No sábado, às 16h30, no foyer do Cinema São Jorge é lançado o livro “O vírus-cinema: cinema queer e VIH/sida”, uma edição da Associação Cultural Janela Indiscreta, com coordenação de António Fernando Cascais e João Ferreira, que reúne um total de 25 ensaios, onde 24 diferentes autores escrevem cada um sobre um filme que aborda esta temática, oferecendo-se assim diferentes perspetivas sobre os desafios que a epidemia representou para o cinema. Nesse mesmo sábado, às 18h, inaugura a exposição “O vírus”, na Galeria FOCO. Com curadoria de Thomas Mendonça, trata-se de um desafio lançado a um conjunto de jovens artistas para conceberem uma peça à volta da temática do VIH/sida e dos filmes programados no ciclo, procurando-se assim uma perspetiva de como a epidemia é vista e interpretada por uma nova geração.

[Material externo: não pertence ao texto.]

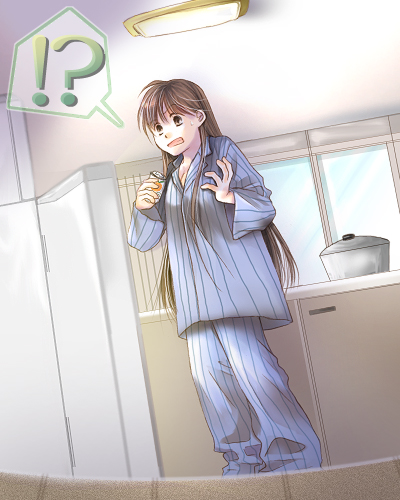 mashiro yuu, tomo (petit + humming), striped, gender request, lowres, !?, 1girl, brown eyes, brown hair, drink, drinking, female focus, genderswap, pajamas, solo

Um dos destaques da Competição para a Melhor Longa-Metragem é a exibição de Sauvage (dia 15 de setembro, 22h, Sala Manoel de Oliveira). Primeira longa-metragem de Camille Vidal-Naquet, o filme teve honras de estreia na Semana da Crítica do Festival de Cannes, neste que é um assombroso e desarmante retrato do universo da prostituição masculina, localizado numa descaracterizada Estrasburgo, cidade-fronteira de uma Europa à beira do precipício - o mesmo precipício onde se encontra Léo, o herói do filme, numa admirável interpretação de Félix Maritaud (recentemente revelado em 120 battements par minute). Também integrado na Competição para a Melhor Longa-Metragem está Girl, de Lukas Dhont, um impressionante retrato de uma rapariga trans, Lara, que tem de conjugar as mudanças do seu corpo devido à redesignação sexual, com as exigências físicas do treino para bailarina profissional. O filme é exibido no domingo, dia 16 de setembro, às 22h, na Sala Manoel de Oliveira.  

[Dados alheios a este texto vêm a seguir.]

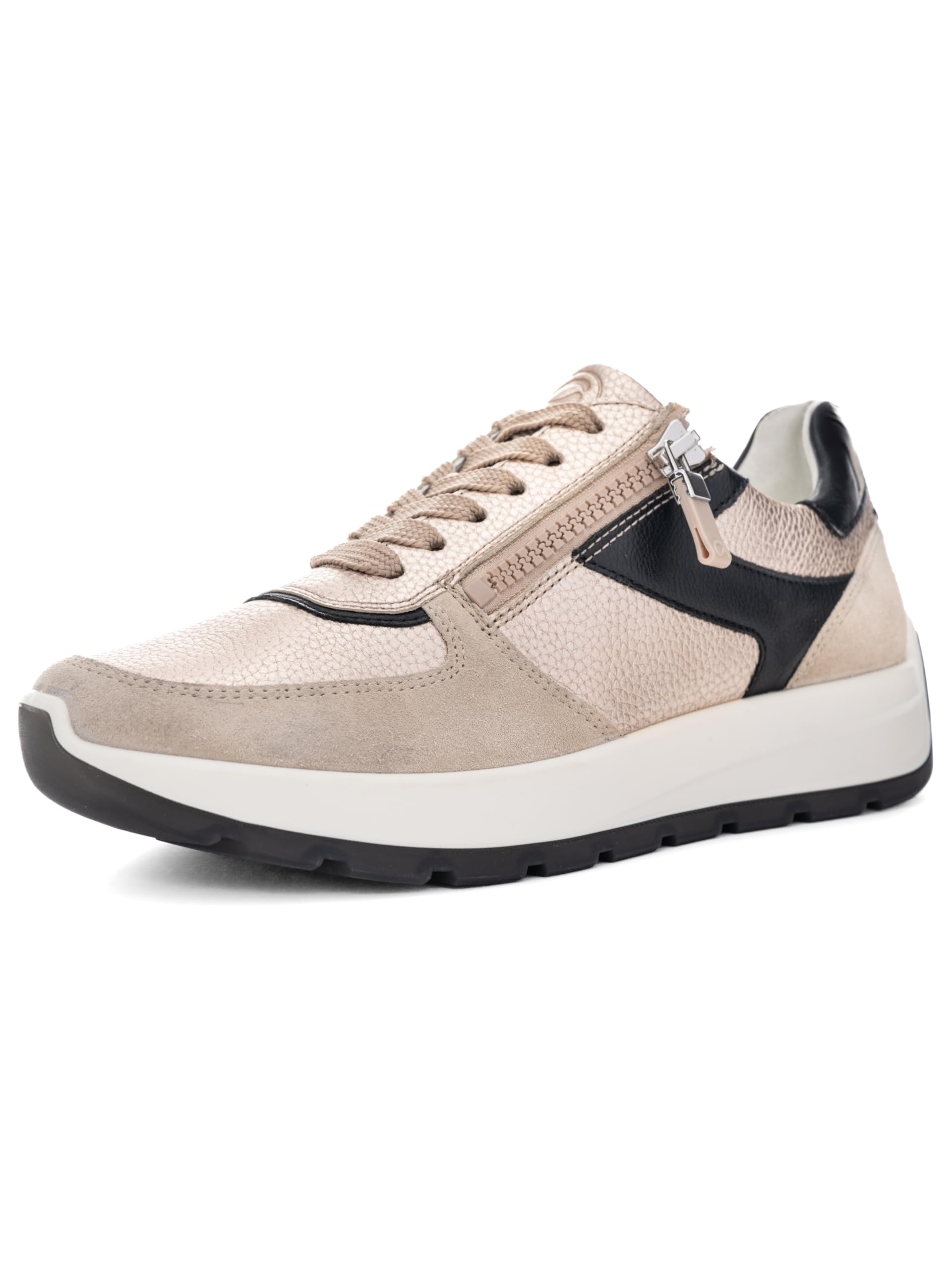 ARA Shoes Women's Low New York Trainers, Shell Sand Black, 38.5 EU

Convidados presentes neste primeiro fim-de-semana de festival são o realizador sueco Jerry Carlsson e o francês Thomas Hakin, para apresentarem, respetivamente, Shadow Animals (na imagem) e En Attendant, ambas as curtas-metragens integradas na Competição para a Melhor Curta-Metragem e apresentadas na sessão de Curtas 1, no domingo, dia 16 de setembro, às 19h15, na Sala 3. Nesta mesma Sala, às 21h30, o Queer Lisboa recebe o ator Yuri Yamamoto e o produtor Rogério Mesquita, que apresentarão a longa-metragem Inferninho, filme integrado na Competição Queer Art. Passado quase inteiramente no interior do bar do mesmo nome, Inferninho, realizado por Guto Parente e Pedro Diogenes, explora o sentido de comunidade ameaçado pela gentrificação, sobre um imaginativo e inusitado fundo teatral.

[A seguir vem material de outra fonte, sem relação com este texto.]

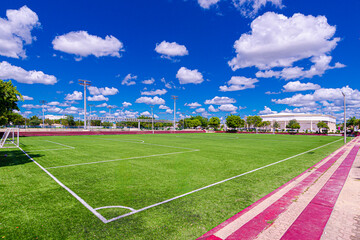 Professional Soccer Field in Playa del Carmen, Mexico on a Sunny Day © mardoz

A Sala 2 do Cinema São Jorge acolhe no sábado, dia 15 de setembro, às 18h30 a primeira sessão do Queer Pop, com um programa dedicado a Janelle Monáe. No domingo, a essa mesma hora, a Sala 2 acolhe a apresentação e lançamento do livro Queerquivo - arquivo LGBT português. Projeto do dramaturgo e encenador André Murraças, trata-se de um novo arquivo LGBT português que nasceu da falta de registo de vidas conhecidas ou anónimas, e ligadas ao universo LGBT do nosso país. São quase cinquenta os textos escritos por diversas personalidades sobre aquelas pessoas que nos inspiraram, moldaram e transformaram. A apresentação conta com a leitura de vários textos.